Most definitely, and your contemporary situation can be attributed to more than likely three predominant factors; your currents wife's security; your own wisdom; your ex-wife's security and appropriate handling of the situation. Unfortunately, different rubrics must be used when judging the actions of a 22 and 42 year old woman (or man, for that matter) as they are quite different entities. I harbor no ill-will towards any of my former partners, however, the determinant decision is not mine and mine alone (speaking both in specifics and generalizing for people my age).
But lets consider that that I was divorced at 28 and that it took the maturity of some foresight to employ the proper behaviors to allow this to be what it is at 42. These things began to take place long before my current wife came into the picture. Actually my ex and I grew each other into the security that we have by instilling in each other the unconditional (to the best of our abilities at the time) acceptance and affirmation of each others roles as co parents.

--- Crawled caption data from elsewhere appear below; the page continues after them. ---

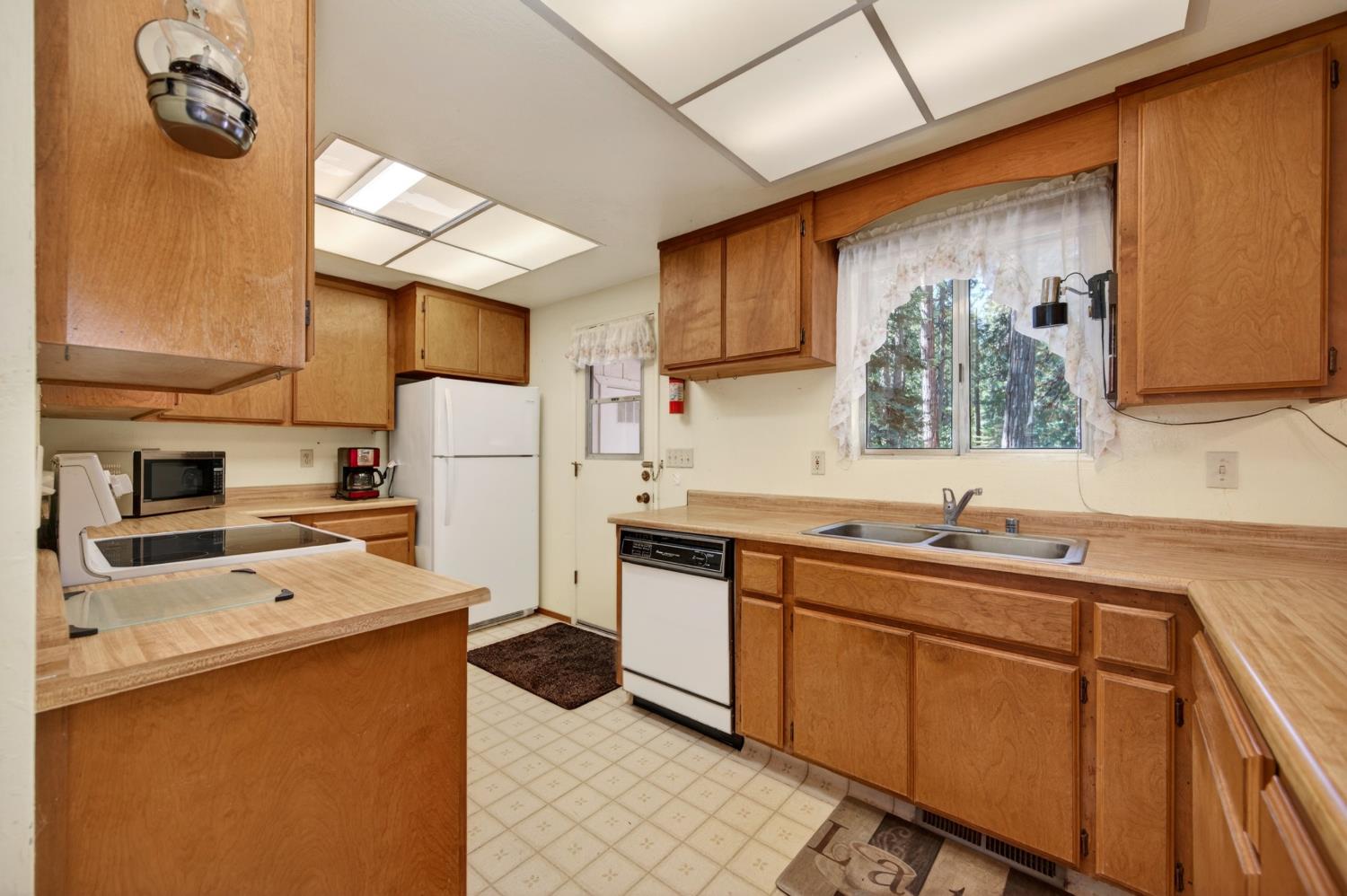 20191 Kit Court Volcano, CA 95689 - Photo 25 of 54 a kitchen with stainless steel appliances a refrigerator sink and wooden cabinets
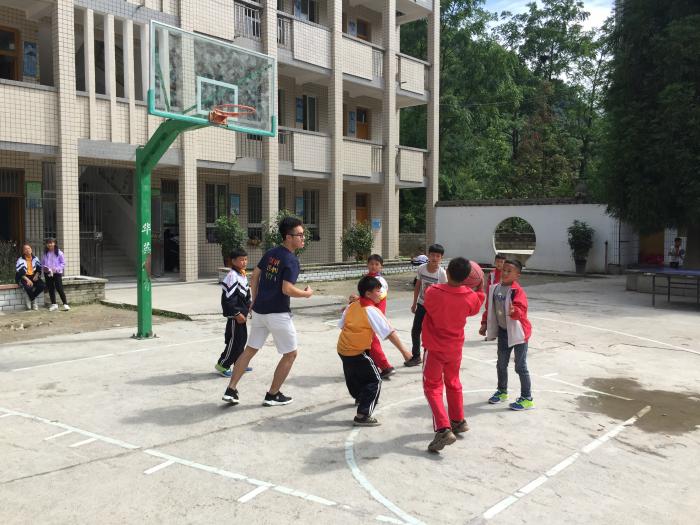 Having fun playing basketball together with children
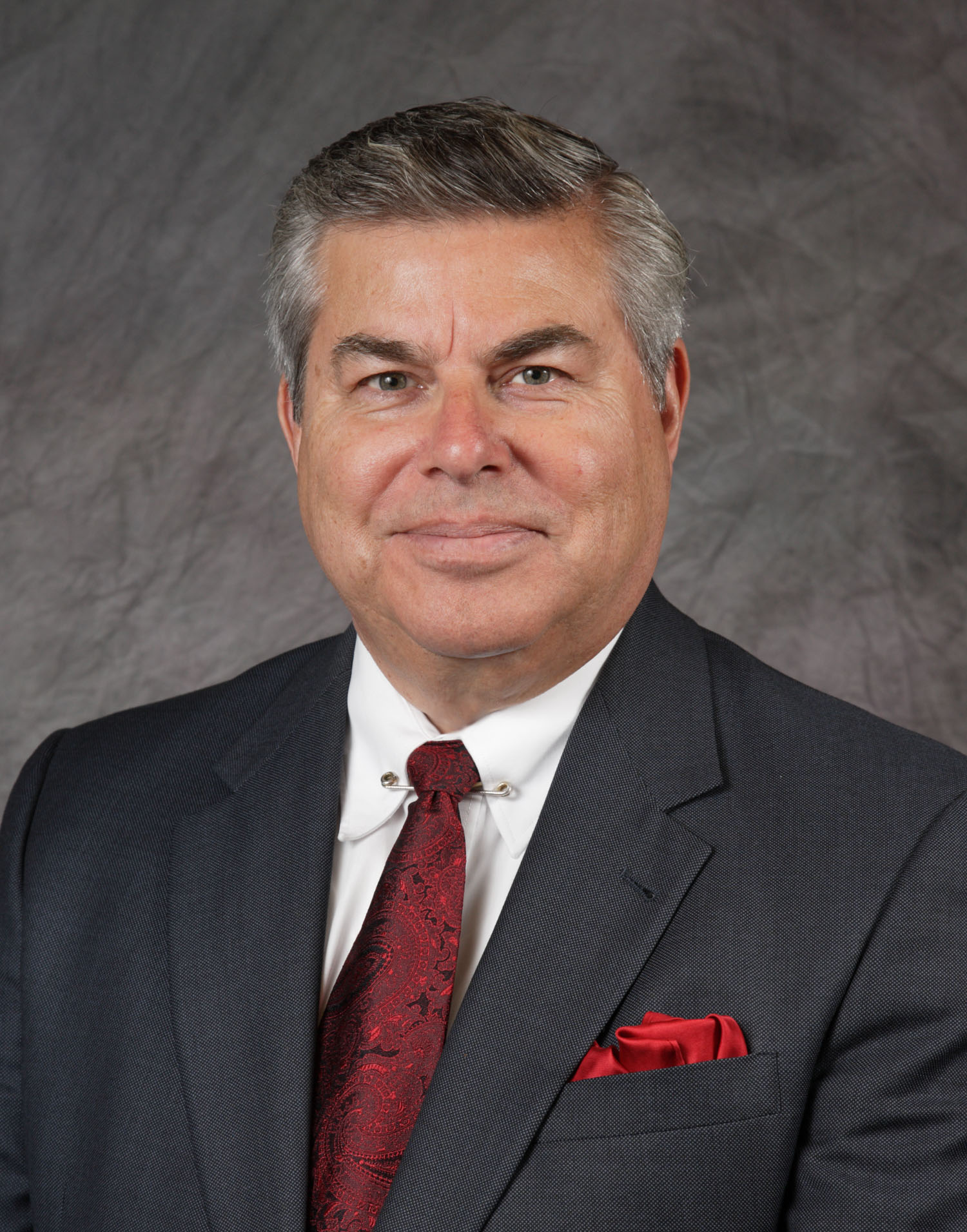 James A. Ardaiz headshot in a dark gray suit and red tie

We were free to love each other as who we were as individuals without the restraints of a dysfunctional immature marriage. But yes that one factor was children. But far far too many divorces w/kids usually end differently. We aspired to be unusual.

The moral to my story is that you have to act out now what you want to be in the future. Being mature now potentiates the future fruits of maturity when you are matured.

Fake it 'til you make it :)
 
Last Saturday, I went to dinner with my daughter, my daughter's mother, and my daughter's step-mother - yes, both ex-wives. It was my daughter's idea, and her step-mother's idea to bring her down for the rest of the Thanksgiving weekend (she's in school in Boston). We had a really good time. *I* had a really good time.

Once upon a time, this couldn't have happened: when her mother left & took her away, I truly hated her, hated how she treated me, hated her for taking my daughter, hated the sense of failure that came with her departure. We we were a good baby-making team, but that's literally where it ended. For years after, we only spoke when we had to. Somewhere along the line, she realised that I was not the source of al her problems; started treating me differently, and that gave me room to stop being so mad at her.

The step-mother & I split 3 years ago, but only went public last year, followed by a divorce; we never hated each other - we were just COMPLETELY mis-matched. Despite our best efforts, we kept pushing each other away, feeling more and more alone. Bad thing in a small house. Finally, while I was still pretending I could fix things, she decided enough was enough, and moved out.

Since then, I've been living with my new GF, and that's been both up AND down - often simultaneously. I asked her last week to find another place to live - not because I'm ticked, or she's awful, or that the fun is gone, but simply because I need to spend some time alone. I have projects ahead, remodeling, a business to kickstart, I need to get used to flying solo again, at least for a while. She understands, and we're actually having a much better time now than we have been in the last 6 months while we waited for some of our own projects to wind down. I t was hard to find a way to address it so that we wouldn't explode into anger & resentment; it took time, it was frustrating, and it was difficult. The payoff, though, is that we'll stay friends - perhaps for the rest of our lives.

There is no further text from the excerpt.